COMMENT - Julius Malema on nationalisation of the mines. Also see this trailer on Youtube, featuring Julius Malema and Nicky Oppenheimer.

Malema mouths off on mines
MANDY ROSSOUW - Jun 10 2011 00:00

Nationalisation is a fait accompli and the ANC is merely looking for the best way to implement it, ANC Youth League president Julius Malema claimed in a documentary titled: Mining for Change: A story of South African Mining.

"The NGC [national general council] told us to go and look at the best model of nationalisation. We are no longer talking about whether nationalisation is going to happen or not, it's going to happen," Malema said in the documentary, screened at the Encounters Film Festival in Johannesburg and Cape Town.

The documentary was funded by junior miners Nonkqubela Mazwai and Nchakha Moloi, the chief executive and chairperson of Motjoli Resources. Both also feature prominently in it, expressing views about why nationalisation is needed. They are credited as executive producers. Eric Miyeni and Navan Chetty are directors.

But, according to ANC spokesperson Jackson Mthembu, Malema is jumping the gun. "At the NGC we didn't adopt anything. We said we must look at what the pros and cons are of adopting this policy. We are still at the stage of investigating. You don't adopt a policy without scientific research," he told the Mail & Guardian this week.

Mthembu said ANC secretary general Gwede Mantashe had put together a team that would visit 13 countries to study the success of nationalisation in those countries.

People to watch: Julius Malema

Ahead of its elective conference on June 16, we'll be running multimedia features looking at the ANC Youth League's main players. First up: Mandy Rossouw dissects the prospects of the youth league's controversial incumbent president, Julius Malema.

In the documentary Malema argued that the mines needed to be taken by the state without compensation for the owners because they already belong to the people of South Africa.

"Why should I pay for what I own? This is mine. Once I own it, I will decide what size of it I share with you.

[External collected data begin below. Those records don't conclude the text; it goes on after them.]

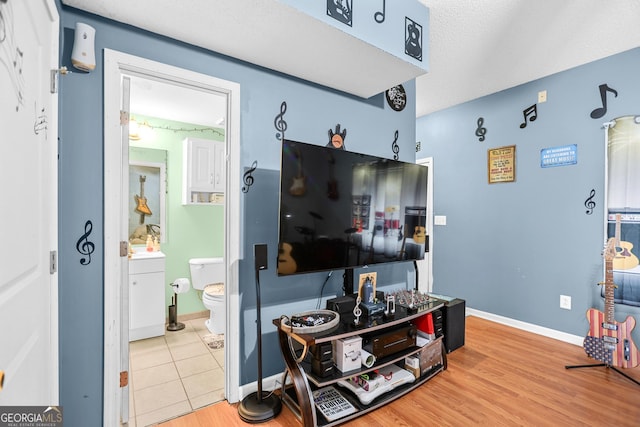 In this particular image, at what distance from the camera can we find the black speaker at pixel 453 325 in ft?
8.57

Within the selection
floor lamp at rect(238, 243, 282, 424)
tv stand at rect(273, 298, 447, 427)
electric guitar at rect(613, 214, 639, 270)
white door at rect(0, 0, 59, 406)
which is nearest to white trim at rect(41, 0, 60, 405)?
white door at rect(0, 0, 59, 406)

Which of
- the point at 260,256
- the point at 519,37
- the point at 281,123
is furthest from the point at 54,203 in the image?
the point at 519,37

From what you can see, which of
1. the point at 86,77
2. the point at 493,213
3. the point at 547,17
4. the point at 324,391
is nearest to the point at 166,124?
the point at 86,77

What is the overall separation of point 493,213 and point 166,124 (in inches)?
159

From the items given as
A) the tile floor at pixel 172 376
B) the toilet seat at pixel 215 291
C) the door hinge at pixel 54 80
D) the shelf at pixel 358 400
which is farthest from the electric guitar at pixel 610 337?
the door hinge at pixel 54 80

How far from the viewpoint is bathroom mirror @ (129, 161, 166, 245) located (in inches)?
134

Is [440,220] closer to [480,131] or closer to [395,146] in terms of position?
[480,131]

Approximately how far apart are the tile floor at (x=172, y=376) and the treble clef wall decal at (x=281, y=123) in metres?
1.89

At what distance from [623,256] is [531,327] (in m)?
1.10

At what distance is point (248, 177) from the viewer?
2061mm

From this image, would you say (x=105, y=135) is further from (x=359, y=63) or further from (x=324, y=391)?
(x=324, y=391)

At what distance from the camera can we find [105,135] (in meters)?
1.60

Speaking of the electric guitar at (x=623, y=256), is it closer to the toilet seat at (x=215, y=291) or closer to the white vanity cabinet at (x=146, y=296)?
the toilet seat at (x=215, y=291)

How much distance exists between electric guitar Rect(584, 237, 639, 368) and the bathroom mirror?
4.27m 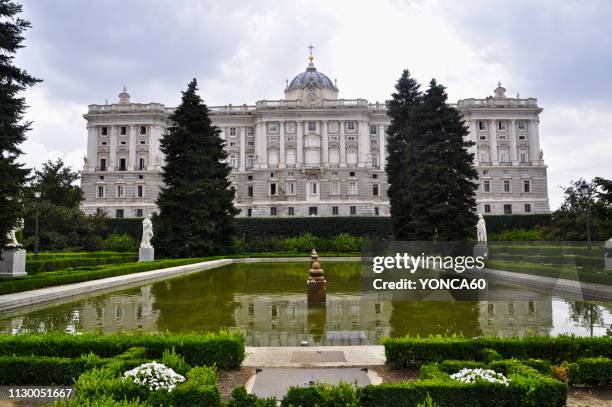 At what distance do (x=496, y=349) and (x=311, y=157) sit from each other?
5777 centimetres

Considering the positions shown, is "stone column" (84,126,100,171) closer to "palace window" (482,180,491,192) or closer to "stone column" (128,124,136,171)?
"stone column" (128,124,136,171)

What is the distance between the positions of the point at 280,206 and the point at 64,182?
1110 inches

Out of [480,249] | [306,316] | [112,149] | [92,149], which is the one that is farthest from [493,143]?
[306,316]

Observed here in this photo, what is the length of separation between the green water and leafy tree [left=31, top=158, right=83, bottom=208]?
93.1ft

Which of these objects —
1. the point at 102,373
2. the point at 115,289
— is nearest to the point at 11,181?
the point at 115,289

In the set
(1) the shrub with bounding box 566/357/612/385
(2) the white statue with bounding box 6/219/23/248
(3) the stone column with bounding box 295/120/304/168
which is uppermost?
(3) the stone column with bounding box 295/120/304/168

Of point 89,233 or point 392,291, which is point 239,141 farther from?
point 392,291

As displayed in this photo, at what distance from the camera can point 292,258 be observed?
115 feet

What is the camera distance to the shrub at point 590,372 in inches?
218

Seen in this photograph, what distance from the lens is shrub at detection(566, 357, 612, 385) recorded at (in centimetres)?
554

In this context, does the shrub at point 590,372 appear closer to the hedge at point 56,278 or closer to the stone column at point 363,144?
the hedge at point 56,278

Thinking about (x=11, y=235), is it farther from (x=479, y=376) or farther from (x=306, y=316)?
(x=479, y=376)

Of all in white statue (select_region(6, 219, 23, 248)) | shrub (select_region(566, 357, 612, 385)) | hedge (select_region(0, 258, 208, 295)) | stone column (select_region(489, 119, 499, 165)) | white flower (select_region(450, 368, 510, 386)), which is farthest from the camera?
stone column (select_region(489, 119, 499, 165))

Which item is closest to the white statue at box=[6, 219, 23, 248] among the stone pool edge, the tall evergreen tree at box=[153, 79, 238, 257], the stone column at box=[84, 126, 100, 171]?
the stone pool edge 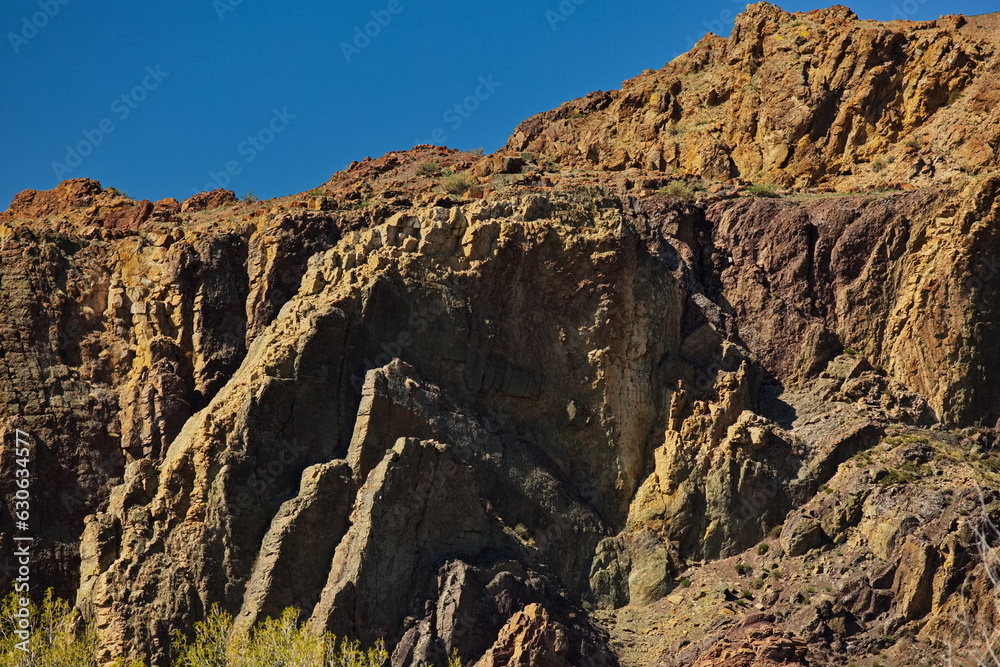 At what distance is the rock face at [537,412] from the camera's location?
40688mm

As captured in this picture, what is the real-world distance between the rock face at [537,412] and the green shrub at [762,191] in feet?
1.43

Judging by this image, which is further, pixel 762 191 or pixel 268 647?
pixel 762 191

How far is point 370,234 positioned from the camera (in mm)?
48781

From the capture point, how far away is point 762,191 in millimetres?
56688

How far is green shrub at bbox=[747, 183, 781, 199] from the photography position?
185 ft

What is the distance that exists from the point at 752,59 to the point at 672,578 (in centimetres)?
3167

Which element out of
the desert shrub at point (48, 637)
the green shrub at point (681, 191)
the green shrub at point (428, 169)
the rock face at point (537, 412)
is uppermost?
the green shrub at point (428, 169)

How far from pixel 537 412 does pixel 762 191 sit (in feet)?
54.6

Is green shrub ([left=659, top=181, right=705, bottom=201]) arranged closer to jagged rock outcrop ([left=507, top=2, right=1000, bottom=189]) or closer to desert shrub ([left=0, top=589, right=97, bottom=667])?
jagged rock outcrop ([left=507, top=2, right=1000, bottom=189])

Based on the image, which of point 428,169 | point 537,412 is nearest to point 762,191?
point 537,412

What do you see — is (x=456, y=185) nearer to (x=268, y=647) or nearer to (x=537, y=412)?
(x=537, y=412)

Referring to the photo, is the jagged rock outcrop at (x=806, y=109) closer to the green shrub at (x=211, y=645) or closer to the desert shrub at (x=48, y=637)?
the green shrub at (x=211, y=645)

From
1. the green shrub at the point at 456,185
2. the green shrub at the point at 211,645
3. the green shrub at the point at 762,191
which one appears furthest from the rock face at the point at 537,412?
the green shrub at the point at 456,185

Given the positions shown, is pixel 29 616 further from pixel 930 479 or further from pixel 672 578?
pixel 930 479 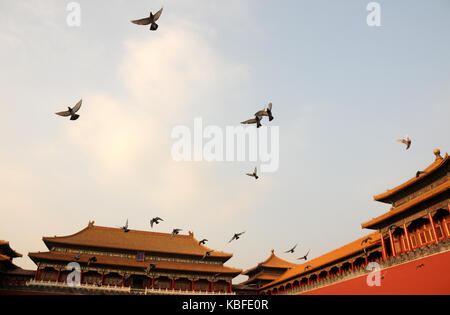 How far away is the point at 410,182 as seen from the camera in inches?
989

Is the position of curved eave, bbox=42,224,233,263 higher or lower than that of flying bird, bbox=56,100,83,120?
higher

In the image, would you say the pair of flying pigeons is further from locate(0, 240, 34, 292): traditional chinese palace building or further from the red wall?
locate(0, 240, 34, 292): traditional chinese palace building

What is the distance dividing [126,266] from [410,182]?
30492mm

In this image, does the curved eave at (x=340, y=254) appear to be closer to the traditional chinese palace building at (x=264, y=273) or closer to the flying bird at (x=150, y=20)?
the traditional chinese palace building at (x=264, y=273)

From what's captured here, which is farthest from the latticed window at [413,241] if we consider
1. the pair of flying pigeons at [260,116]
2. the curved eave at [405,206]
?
the pair of flying pigeons at [260,116]

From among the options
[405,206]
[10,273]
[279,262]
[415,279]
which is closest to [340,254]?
[405,206]

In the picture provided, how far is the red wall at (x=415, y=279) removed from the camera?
18.5 metres

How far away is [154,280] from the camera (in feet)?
126

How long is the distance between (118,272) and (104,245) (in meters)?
4.65

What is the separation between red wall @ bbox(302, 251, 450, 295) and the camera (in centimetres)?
1845

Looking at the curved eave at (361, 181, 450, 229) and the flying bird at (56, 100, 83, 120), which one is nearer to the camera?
the flying bird at (56, 100, 83, 120)

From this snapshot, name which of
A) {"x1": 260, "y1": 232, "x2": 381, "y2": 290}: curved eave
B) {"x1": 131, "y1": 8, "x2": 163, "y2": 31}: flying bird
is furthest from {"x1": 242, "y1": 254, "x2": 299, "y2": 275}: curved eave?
{"x1": 131, "y1": 8, "x2": 163, "y2": 31}: flying bird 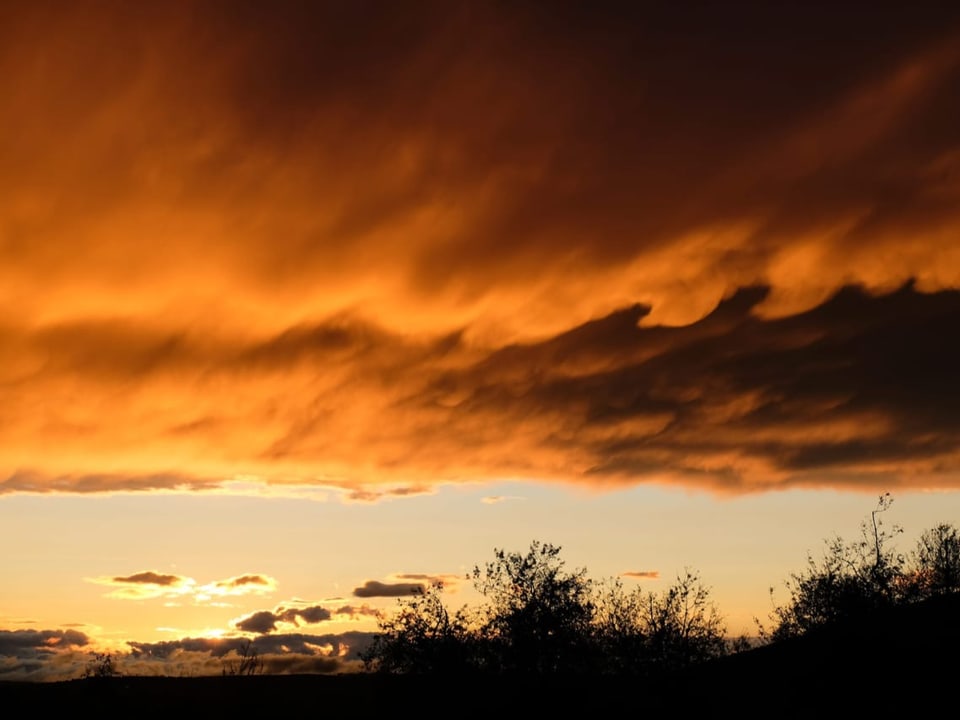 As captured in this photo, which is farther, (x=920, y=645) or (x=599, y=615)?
(x=599, y=615)

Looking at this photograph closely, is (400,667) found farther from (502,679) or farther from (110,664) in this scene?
(110,664)

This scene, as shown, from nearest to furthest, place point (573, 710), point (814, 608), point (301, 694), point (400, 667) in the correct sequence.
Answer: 1. point (573, 710)
2. point (301, 694)
3. point (400, 667)
4. point (814, 608)

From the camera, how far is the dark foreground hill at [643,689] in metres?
42.8

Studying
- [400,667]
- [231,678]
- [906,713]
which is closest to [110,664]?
[231,678]

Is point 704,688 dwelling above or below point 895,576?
below

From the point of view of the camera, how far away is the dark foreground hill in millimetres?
42781

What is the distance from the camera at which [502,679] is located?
52.8 metres

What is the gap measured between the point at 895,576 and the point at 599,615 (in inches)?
887

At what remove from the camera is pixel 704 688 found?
1948 inches

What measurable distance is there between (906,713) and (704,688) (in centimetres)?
1221

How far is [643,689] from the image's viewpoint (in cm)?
5050

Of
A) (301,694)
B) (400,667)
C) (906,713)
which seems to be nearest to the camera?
(906,713)

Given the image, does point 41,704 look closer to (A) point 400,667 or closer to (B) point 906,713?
(A) point 400,667

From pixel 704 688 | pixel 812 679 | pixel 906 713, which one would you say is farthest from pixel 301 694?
pixel 906 713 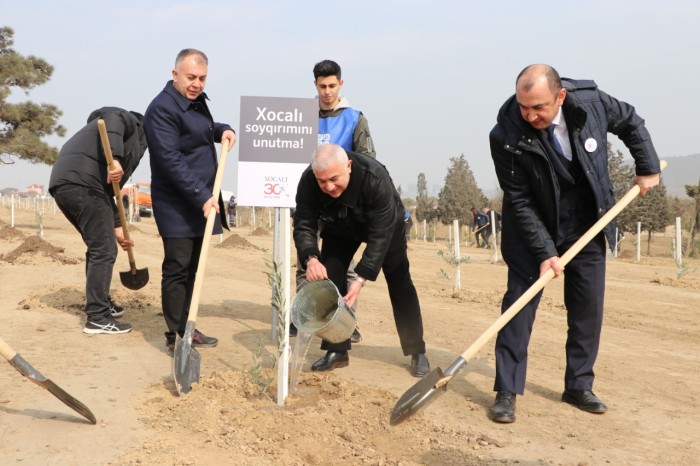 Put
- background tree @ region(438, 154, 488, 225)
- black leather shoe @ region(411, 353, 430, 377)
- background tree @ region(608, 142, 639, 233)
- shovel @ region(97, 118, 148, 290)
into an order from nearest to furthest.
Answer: black leather shoe @ region(411, 353, 430, 377)
shovel @ region(97, 118, 148, 290)
background tree @ region(608, 142, 639, 233)
background tree @ region(438, 154, 488, 225)

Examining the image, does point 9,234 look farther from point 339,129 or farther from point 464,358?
point 464,358

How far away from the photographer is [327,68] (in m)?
5.45

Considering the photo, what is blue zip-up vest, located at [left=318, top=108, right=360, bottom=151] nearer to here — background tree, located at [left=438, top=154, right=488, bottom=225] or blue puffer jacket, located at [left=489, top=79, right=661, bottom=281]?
blue puffer jacket, located at [left=489, top=79, right=661, bottom=281]

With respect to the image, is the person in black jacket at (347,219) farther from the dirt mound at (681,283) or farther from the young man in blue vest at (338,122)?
the dirt mound at (681,283)

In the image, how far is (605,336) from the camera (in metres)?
7.05

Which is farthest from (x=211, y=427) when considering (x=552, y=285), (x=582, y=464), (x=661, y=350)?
(x=552, y=285)

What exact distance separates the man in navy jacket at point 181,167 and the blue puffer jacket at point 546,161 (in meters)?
1.98

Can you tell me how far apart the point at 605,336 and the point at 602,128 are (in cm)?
348

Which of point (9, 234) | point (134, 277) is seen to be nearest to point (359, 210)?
point (134, 277)

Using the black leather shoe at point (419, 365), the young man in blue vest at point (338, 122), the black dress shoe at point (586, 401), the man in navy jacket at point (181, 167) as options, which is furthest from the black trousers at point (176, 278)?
the black dress shoe at point (586, 401)

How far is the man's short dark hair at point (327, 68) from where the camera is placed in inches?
215

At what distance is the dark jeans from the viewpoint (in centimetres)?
572

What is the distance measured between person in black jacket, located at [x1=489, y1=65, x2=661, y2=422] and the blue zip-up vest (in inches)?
62.5

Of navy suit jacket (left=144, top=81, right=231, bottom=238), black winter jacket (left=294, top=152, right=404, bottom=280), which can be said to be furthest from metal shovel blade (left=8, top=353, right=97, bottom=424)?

I've got the minerals, you come and bring the machines and equipment to extract the minerals. That equipment, in their nice English, they call it investment," he said in the documentary.

Malema admitted that the youth league was not taken seriously when it began its campaign to nationalise the mines. "When we started this debate, people were brushing us off. People were saying: 'These are kids, they don't know what they're talking about.' And we said: 'They don't know where the ANC comes from.' "

As he did during the election campaign, Malema referred to "they" -- presumably white colonialists -- who "stole everything".

"They have stolen, they've stolen our minerals, our land, they want to control everything. Now is our time to demand what they've stolen from us." He argued that the balance of forces internationally was not ­conducive to nationalisation when former president Nelson Mandela was at the helm of the country, but this had now changed.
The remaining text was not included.